If you’re a sports junkie who hates to laugh, you’ll probably find Sling a great deal. But it’s not true a la carte TV because you’re still bundling channels together – if you just want BBC World News and NBA TV, you still have to pay for all of the other news and sports channels.
Is à la carte TV realistic?
Let’s face it – even having individual TV shows together on one channel is, in itself, a bundle. Why am I paying for live HGTV if I only want to watch Property Brothers (and not the spin-offs – I’m a PB purist)?
That’s the idea behind buying season passes of individual TV shows on iTunes or Amazon, but unless you watch a very small number of TV shows every year, the costs will add up fast. Seasons tend to cost anywhere between $10 and $20 – if you watch anywhere between two and four shows regularly, you might as well pay for a streaming service. Plus, most of the hot TV shows are on Netflix or Hulu, and are either not available to buy from other services or are only available months later, at a higher price.
If you’re reading this and thinking, "Oh my goodness, cutting the cord sounds like a huge pain in the mouth, and just reading this article makes me feel like finding all of the cords I can and just connecting them to things in a massive celebration of cords," well, okay. You might be better off sticking with a cable company.

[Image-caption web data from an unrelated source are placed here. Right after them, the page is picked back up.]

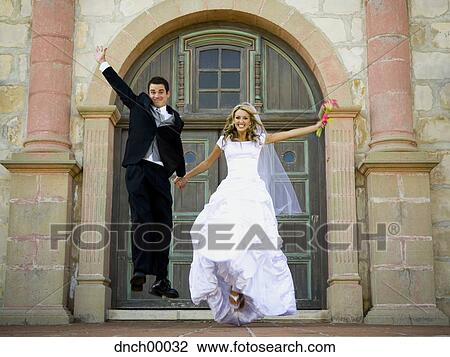 Stock Image - Bride and groom jumping and holding hands outside with bouquet. Fotosearch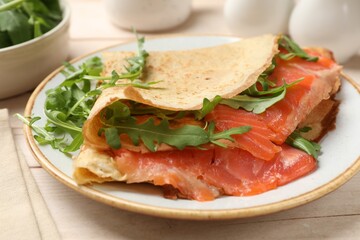 Delicious crepes with salmon and arugula on white wooden table, closeup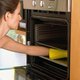 Woman cleaning oven in home kitchen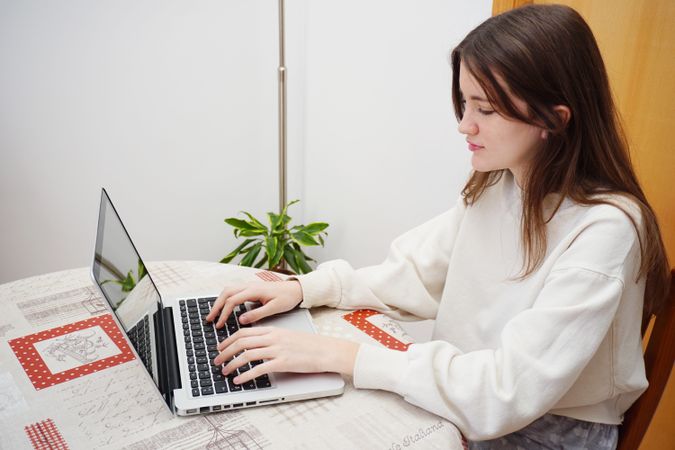 Teenager girl using laptop computer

But that doesn’t mean you have to pay $100+ per month for your cable. For starters, you can call your current cable company and ask to cancel your service. Usually, they’ll be so desperate to keep you, they’ll give you a promotional rate for at least a year. This used to only work in areas where there were other cable competitors, but now with services like Hulu, it’s a lot easier to convince the service rep that you’re willing to cut the cord for good. If that doesn’t work, and there’s another cable company in your area, consider moving over to their services at a promotional rate.
Even for light TV watchers – people who follow one or two shows, plus put it on for background – the $50 we spend monthly isn’t the worst when you consider the ratio of price to hours of entertainment received. Compared, for example, to something like seeing a movie in the theaters or buying tickets to the smash Broadway hit Hamilton, TV is pretty cheap. But it still feels like we’re paying for a lot of junk in order to get at the good stuff. It feels like someone is bringing a box of groceries to my house, and out of that box, about 20% is food I want, and the rest is literally rotting cabbages.
To the cable TV providers of the world: Please help me stop paying for rotting cabbages.